Western pharmaceutical companies are coming under increased scrutiny in China following the bribery accusations leveled last month against GlaxoSmithKline (GSK). Two Danish drug manufacturers have joined the list of companies to receive visits from Chinese authorities in a sign that life could get even more difficult for Western pharma companies operating in the country, Reuters reported.
One of the Danish companies is none other than Novo Nordisk, which happens to be the biggest insulin maker in the world. During its second-quarter earnings presentation yesterday, Novo Nordisk revealed that officials from the local Administration for Industry and Commerce (AIC) had paid a visit to the company's production site in Tianjin. CFO Jesper Brandgaard said that the inspection took place on Aug. 1 and the AIC requested information about Novo Nordisk's Chinese operations. The company has not been accused of any wrongdoing and its Chinese headquarters have not been visited. Brandgaard added that Novo Nordisk had no knowledge of whether it had been subjected to a routine inspection or had come on the authorities' radar as a result of the GSK probe.
The other Danish company to get caught up in the net is H. Lundbeck, whose Beijing unit was visited by local authorities. Meanwhile, a Chinese newspaper has run a report accusing French pharma major Sanofi of bribery. The material was based on information provided by an unnamed source, who claimed that Sanofi had greased the palms of hundreds of Chinese doctors in 2007. It was alleged that the company had spent some 1.7 million yuan (about $278,000) on bribes: a claim Sanofi said it took "very seriously."

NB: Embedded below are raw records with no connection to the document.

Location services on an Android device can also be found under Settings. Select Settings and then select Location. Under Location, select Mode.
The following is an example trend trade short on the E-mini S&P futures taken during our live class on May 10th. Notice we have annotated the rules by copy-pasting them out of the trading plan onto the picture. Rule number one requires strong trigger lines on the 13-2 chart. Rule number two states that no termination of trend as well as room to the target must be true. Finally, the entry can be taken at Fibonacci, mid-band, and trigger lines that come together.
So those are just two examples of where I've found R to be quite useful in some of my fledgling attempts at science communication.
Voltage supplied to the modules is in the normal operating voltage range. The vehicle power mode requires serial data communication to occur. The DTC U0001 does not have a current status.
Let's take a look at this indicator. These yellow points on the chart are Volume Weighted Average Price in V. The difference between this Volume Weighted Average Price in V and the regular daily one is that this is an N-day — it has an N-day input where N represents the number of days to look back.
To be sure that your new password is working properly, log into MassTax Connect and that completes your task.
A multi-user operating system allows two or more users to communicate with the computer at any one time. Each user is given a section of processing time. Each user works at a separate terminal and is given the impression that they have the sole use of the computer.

GSK was accused last month of dispensing bribes among doctors, hospitals and government officials. According to the Ministry of Public Security, the UK pharmaceutical giant did this in order to push more drugs at higher prices. GSK said there was a possibility that some local managers had fallen foul of the law, adding that the company was cooperating with the authorities. Four GSK executives in China have been detained by the police, while at least 18 other employees have been questioned. GSK has allegedly used travel agencies to distribute as much as three billion yuan ($490 million) in bribes to doctors and government officials.

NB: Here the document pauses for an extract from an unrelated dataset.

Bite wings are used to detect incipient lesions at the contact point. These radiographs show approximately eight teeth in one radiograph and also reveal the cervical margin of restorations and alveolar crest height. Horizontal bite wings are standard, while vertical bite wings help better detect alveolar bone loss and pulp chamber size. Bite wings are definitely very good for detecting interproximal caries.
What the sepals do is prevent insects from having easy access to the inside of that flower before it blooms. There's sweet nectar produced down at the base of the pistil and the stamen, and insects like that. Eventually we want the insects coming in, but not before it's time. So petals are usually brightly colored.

Other companies have also felt the heat. An AstraZeneca sales executive was arrested in Shanghai and authorities paid visits to the local premises of Eli Lilly and UCB. The inspections have been taking place alongside a review conducted by the powerful National Development and Reform Commission, which is looking into the pricing practices of 60 local and international drug manufacturers.
Reuters went on to add that the ripples of the GSK probe would have a negative impact on the local growth of pharma multinationals. The news agency was citing industry analysts at Wells Fargo Securities, who were in turn basing their predictions on views expressed by a China expert at law firm Ropes & Gray. It is now expected that Chinese authorities will seek to introduce stricter price controls, which could halve the annual growth rate of local drug sales to 10% or so from a historical 20%.